Task brief
Write every entry out again, unchanged.

Given data
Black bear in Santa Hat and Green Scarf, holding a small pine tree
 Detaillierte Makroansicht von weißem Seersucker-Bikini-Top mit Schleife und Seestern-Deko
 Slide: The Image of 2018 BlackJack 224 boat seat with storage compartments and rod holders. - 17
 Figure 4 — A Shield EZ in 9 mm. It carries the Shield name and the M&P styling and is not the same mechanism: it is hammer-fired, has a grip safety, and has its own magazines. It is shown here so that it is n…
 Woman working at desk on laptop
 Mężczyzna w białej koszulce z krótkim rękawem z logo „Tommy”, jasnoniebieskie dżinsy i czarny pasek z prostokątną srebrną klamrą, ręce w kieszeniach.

Reply to the task
Black bear in Santa Hat and Green Scarf, holding a small pine tree
 Detaillierte Makroansicht von weißem Seersucker-Bikini-Top mit Schleife und Seestern-Deko
 Slide: The Image of 2018 BlackJack 224 boat seat with storage compartments and rod holders. - 17
 Figure 4 — A Shield EZ in 9 mm. It carries the Shield name and the M&P styling and is not the same mechanism: it is hammer-fired, has a grip safety, and has its own magazines. It is shown here so that it is n…
 Woman working at desk on laptop
 Mężczyzna w białej koszulce z krótkim rękawem z logo „Tommy”, jasnoniebieskie dżinsy i czarny pasek z prostokątną srebrną klamrą, ręce w kieszeniach.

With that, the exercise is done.